Non-invasive positive pressure ventilation (NIPPV) at low FiO2 settings can be used to reduce the work of breathing. Provide PEEP to recruit areas of atelectasis, reduce alveolar oedema and reduce the metabolic demand. Rather use NIPPV than increase the FiO2 when the infant shows worsening respiratory distress signs.

Assessment of fluid balance

Infants presenting with an intercurrent illness and poor perfusion should first receive a 5 - 10 ml/kg crystalloid bolus. They often do not feed well and may develop increased insensible fluid losses and/or gastrointestinal losses with infections. Perfusion should be reassessed immediately after the fluid bolus.

Inotropic support

If perfusion remains poor after a fluid challenge, start dobutamine infusion (mix 6 mg/kg in 50 ml 5% dextrose 1 ml/h=2 µg/kg/min; dose range 2 - 15 µg/kg/min).

Dobutamine has moderate inotropic and chronotropic activity due to β1 receptor stimulation. It will augment SV and increase HR but can cause potential harm if overused. Too much inotropic stimulation may over contract the ventricle and not allow proper diastolic filling. With increased myocardial contraction more blood will be ejected into the systemic circulation but also more blood will be shunted through the defect, increasing the lung flooding. Diastolic filling times may become insufficient with high heart rates and myocardial oxygen demand will increase.

Dobutamine also has β2 receptor action, unlike adrenaline or dopamine. β2 stimulation causes peripheral vasodilation, reduces ventricle afterload and improves stroke volume. This will help to improve systemic under-circulation without causing too many unwanted effects.
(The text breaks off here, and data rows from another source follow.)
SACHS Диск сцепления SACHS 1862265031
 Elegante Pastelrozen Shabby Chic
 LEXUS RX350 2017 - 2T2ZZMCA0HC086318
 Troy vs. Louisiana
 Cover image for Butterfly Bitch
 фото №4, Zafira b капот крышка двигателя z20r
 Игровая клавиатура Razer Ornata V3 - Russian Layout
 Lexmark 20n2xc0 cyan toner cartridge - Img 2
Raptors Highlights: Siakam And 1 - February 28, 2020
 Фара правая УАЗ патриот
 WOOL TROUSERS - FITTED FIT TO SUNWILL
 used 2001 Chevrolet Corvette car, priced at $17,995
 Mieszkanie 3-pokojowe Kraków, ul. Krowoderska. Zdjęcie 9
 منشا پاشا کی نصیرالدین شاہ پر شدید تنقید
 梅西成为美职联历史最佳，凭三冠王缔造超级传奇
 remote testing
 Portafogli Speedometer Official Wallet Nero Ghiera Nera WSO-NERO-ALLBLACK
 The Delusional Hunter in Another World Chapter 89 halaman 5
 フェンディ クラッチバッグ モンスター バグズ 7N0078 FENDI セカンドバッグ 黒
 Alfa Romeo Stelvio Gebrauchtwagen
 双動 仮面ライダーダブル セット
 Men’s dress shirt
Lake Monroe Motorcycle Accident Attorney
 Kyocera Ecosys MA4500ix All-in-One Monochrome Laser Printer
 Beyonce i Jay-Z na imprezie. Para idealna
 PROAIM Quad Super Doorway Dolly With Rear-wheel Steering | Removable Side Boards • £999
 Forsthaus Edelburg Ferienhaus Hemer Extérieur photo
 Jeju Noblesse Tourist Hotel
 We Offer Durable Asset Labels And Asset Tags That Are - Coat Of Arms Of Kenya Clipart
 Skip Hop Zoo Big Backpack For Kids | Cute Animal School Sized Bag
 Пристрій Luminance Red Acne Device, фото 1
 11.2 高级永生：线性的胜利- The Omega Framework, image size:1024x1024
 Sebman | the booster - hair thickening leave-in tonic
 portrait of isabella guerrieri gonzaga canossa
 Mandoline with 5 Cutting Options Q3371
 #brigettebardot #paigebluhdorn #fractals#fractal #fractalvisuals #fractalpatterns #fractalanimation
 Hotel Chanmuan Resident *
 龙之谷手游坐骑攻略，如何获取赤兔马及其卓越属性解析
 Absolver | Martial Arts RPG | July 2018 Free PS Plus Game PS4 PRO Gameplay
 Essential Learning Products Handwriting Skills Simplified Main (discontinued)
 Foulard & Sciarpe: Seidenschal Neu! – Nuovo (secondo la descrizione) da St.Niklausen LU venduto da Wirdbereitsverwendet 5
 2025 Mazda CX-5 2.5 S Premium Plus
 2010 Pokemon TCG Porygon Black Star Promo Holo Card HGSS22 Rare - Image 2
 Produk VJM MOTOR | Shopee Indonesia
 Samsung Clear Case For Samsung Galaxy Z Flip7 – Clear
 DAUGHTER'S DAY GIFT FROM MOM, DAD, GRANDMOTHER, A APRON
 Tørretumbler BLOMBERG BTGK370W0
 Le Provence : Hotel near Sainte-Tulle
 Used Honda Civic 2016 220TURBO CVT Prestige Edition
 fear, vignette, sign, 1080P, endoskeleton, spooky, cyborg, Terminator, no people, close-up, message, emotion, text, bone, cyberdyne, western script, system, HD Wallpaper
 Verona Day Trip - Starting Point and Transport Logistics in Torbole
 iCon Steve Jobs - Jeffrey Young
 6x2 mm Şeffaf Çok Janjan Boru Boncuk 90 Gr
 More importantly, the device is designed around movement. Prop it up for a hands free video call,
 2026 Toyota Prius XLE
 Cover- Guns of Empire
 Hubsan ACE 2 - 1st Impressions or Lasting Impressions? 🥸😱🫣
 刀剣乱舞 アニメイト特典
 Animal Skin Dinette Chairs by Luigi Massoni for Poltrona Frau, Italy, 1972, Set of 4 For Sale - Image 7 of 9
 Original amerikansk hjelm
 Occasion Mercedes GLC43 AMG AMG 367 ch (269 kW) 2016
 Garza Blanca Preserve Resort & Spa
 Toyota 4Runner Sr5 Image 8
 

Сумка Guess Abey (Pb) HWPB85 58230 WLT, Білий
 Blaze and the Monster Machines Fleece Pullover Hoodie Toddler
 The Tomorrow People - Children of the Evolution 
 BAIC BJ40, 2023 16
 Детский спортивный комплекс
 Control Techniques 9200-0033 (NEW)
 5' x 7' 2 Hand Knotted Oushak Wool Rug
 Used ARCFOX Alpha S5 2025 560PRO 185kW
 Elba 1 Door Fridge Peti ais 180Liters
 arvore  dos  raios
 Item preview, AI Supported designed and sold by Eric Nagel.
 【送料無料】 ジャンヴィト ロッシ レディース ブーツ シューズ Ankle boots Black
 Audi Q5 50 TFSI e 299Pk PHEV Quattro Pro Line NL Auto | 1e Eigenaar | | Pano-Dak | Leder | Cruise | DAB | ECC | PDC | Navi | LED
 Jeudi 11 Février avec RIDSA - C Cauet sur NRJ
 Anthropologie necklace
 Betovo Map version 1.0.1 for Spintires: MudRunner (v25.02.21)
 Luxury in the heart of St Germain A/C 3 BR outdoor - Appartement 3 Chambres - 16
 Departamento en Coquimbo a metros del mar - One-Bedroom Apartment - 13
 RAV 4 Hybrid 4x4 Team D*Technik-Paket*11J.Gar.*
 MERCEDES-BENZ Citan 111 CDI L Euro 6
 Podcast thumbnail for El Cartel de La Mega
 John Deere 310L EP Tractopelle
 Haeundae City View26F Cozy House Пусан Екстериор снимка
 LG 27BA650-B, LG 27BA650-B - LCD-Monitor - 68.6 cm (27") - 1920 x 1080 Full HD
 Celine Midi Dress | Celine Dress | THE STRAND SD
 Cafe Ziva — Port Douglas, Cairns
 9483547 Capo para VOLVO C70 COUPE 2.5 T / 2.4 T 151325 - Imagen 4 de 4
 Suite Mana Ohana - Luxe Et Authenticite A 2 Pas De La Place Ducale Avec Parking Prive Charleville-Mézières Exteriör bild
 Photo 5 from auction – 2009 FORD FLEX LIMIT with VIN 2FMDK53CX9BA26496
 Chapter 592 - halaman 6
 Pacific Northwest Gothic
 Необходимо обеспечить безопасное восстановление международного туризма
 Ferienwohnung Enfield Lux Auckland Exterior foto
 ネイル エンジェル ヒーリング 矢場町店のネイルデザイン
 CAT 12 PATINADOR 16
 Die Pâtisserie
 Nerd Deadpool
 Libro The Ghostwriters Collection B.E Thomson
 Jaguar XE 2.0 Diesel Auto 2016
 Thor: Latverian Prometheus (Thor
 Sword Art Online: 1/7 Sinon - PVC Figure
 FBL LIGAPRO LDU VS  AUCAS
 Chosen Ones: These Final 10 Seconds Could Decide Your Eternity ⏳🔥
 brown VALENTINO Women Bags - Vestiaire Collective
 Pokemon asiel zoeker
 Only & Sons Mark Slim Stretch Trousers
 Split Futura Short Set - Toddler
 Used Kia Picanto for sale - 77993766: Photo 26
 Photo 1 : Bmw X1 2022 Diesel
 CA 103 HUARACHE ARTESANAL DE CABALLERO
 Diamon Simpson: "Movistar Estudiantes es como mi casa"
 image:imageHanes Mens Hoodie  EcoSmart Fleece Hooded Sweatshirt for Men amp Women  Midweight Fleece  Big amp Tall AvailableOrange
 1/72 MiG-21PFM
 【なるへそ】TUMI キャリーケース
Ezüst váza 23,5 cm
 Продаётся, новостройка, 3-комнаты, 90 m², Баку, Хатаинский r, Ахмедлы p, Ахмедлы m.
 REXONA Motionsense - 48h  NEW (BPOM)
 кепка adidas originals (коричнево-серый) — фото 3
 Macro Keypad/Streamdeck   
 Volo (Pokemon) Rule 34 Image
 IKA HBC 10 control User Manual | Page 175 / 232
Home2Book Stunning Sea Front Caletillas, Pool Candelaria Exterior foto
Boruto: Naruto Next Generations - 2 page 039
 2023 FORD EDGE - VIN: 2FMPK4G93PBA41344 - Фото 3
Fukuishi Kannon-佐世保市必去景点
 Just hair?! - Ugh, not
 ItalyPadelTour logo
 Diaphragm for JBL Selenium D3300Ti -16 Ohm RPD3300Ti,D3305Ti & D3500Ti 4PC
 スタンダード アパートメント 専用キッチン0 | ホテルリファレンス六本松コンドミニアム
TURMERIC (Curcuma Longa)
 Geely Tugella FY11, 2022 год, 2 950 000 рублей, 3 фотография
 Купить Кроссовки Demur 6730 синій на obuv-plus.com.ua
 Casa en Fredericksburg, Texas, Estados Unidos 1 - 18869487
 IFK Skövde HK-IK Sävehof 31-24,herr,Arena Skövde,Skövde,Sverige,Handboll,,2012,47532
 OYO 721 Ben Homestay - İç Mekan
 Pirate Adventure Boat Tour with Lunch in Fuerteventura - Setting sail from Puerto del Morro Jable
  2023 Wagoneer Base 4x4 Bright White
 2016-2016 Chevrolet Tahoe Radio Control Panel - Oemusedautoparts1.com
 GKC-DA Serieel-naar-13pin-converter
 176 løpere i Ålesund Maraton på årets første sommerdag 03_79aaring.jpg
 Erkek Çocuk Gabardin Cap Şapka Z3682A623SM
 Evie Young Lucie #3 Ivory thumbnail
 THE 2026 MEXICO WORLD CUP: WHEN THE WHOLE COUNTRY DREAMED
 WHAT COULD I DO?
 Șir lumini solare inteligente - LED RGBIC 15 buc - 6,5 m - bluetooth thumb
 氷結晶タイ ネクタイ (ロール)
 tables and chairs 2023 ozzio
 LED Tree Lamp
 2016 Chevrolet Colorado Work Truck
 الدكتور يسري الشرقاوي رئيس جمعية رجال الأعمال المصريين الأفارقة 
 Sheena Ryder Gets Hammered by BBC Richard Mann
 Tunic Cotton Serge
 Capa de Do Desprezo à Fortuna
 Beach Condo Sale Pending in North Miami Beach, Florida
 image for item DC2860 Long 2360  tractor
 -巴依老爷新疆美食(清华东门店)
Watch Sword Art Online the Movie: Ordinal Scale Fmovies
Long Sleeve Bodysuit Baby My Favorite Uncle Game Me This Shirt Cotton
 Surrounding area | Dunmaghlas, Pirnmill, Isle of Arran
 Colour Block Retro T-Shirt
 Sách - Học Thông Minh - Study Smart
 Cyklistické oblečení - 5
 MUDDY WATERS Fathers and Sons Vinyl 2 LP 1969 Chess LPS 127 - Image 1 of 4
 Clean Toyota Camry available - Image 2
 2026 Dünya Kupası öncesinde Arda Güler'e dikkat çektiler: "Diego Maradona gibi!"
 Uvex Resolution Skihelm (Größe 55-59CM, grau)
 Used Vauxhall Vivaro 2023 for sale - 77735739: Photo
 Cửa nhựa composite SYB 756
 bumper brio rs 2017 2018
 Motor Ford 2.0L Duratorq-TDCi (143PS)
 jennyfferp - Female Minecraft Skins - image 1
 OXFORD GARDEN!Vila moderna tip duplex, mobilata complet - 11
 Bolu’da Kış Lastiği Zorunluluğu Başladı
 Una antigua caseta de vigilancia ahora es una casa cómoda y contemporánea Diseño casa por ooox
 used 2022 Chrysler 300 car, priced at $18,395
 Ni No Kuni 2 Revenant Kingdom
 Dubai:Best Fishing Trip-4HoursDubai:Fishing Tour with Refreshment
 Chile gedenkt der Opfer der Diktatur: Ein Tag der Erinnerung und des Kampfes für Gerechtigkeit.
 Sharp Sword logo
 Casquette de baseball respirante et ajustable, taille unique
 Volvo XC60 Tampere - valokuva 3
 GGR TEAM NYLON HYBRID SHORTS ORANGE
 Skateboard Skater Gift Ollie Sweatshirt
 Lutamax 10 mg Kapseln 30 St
Adrenaline infusion is only used with severe shock, preferably in an ICU setting.

Too high inotropic doses have been shown to cause myocardial damage in infants. The key is gentle inotropic support.

General care

Optimise the haemoglobin (Hb) to ensure adequate oxygen-carrying capacity to the peripheral tissues. Aim to keep Hb >10 g/dl in children and >12 g/dl in neonates. Consider adding folate with chronic anaemia or iron and deworming in cases of microcytic anaemia.

Parental education on infection prevention, nutrition and routine immunisation should be stressed at every consultation. Influenza vaccination should be given before the influenza season. There is ongoing controversy regarding the cost-benefit ratio of monoclonal RSV antibody (palivizumab) prophylaxis in congenital cardiac lesions. Dental hygiene should be maintained to limit the risk of endocarditis and parents should be educated on endocarditis prophylaxis.

In conclusion

The heart and lungs cannot be seen as separate entities in cardiac shunt lesions. Blood flow should be balanced between the pulmonary and systemic circulations. Medical treatment of large cardiac shunt lesions should be aimed at lung diuresis, nutritional support and infection prevention. Early surgical correction is needed before irreversible PHT develops.


In a nutshell

• Infants presenting with a wheezy chest and respiratory distress should be assessed for congenital heart lesions as part of the differential diagnosis.

• The main medical treatment for large cardiac shunt lesions is aimed at active pulmonary diuresis.

• Oxygen should be used with caution to avoid increasing the pulmonary flooding.

• Gentle inotropic support should be used when perfusion is poor. Refrain from high-dose inotropic use.

• Attention should be given to nutritional support to all children with cardiac shunts.


Further reading

Geskey J, Cyran S. Managing the morbidity associated with respiratory viral infections in children with congenital heart disease. Int J Pediatr 2012:646780. 

Howlett G. Lung mechanics in normal infants and infants with congenital heart disease. Arch Dis Child 1972;47:707-715.

Jung JW. Respiratory syncytial virus infection in children with congenital heart disease: global data and iterim results of Korean RSV-CHD survey. Korean J Pediatr 2011;54(5):192-196. 

Moss AJ, McDonald LV. Cardiac disease in the wheezing child. Chest 1977;71(2):187-192.

Park M. Pediatric Cardiology for Practitioners,5th ed. St Louis: Mosby, 2008:125-132. 

Yau KY, Fang L, Wu M. Lung mechanics in infants with left-to-right shunt congenital heart disease. Pediatr Pulmonol 1996;21:42-47.

Yoo S, MacDonald C, Babyn P. Chest radiography interpretation in pediatric cardiac patients. Stuttgart:Thieme, 2010:106-110.